> [Information shown]
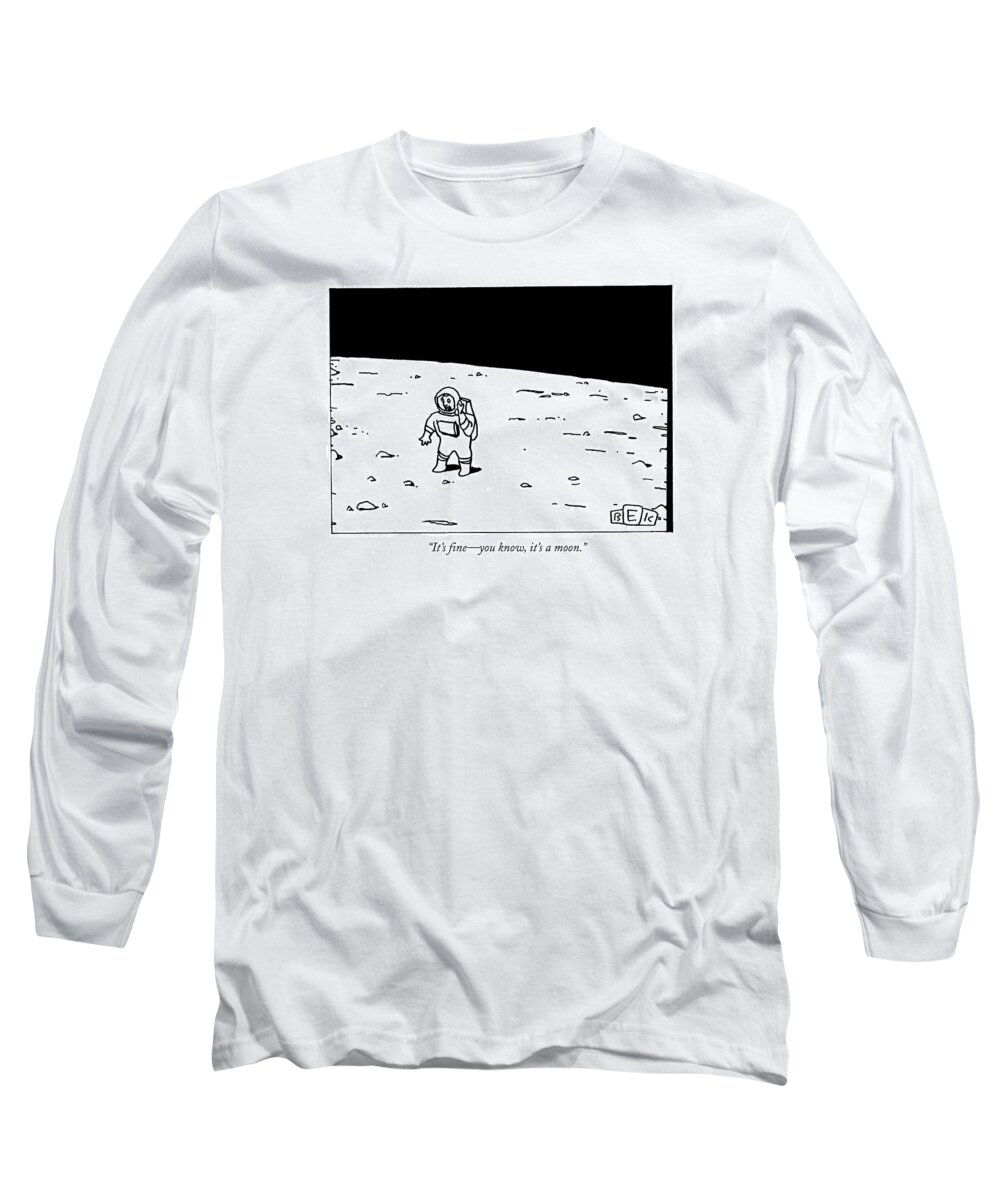 Moon Long Sleeve T-Shirt featuring the drawing It's Fine - You Know by Bruce Eric Kaplan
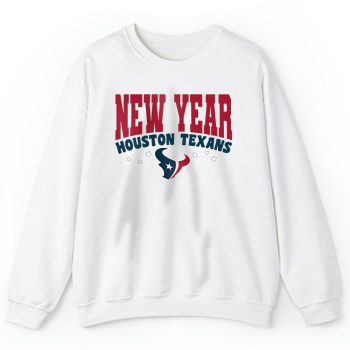 Houston Texans Happy New Years NFL Gift For Fan Unisex Sweatshirt TAS22622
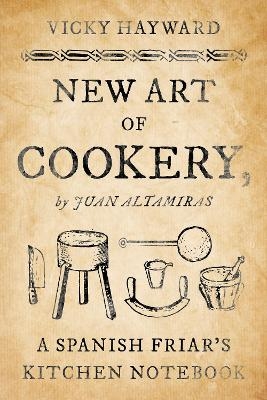 New Art of Cookery - Vicky Hayward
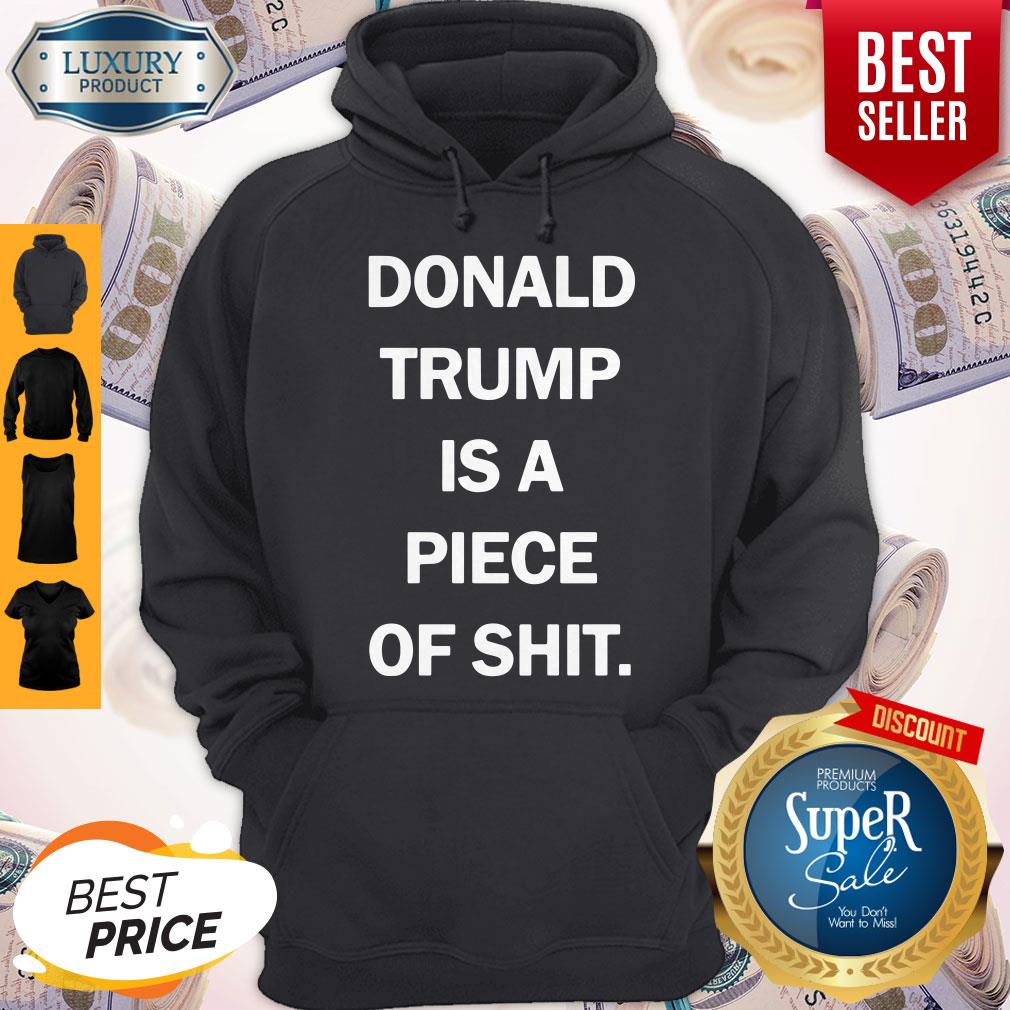 Funny Donald Trump Is A Piece Of Shit Hoodie Funny Donald Trump Is A Piece Of Shit Hoodie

> [Assignment] Your copy should hold only the lines from the line with "New Art of Cookery - Vicky Hayward" through the end of the data above, both ends included, transcribed exactly and without pictures.

> [The answer]
 New Art of Cookery - Vicky Hayward
 Funny Donald Trump Is A Piece Of Shit Hoodie Funny Donald Trump Is A Piece Of Shit Hoodie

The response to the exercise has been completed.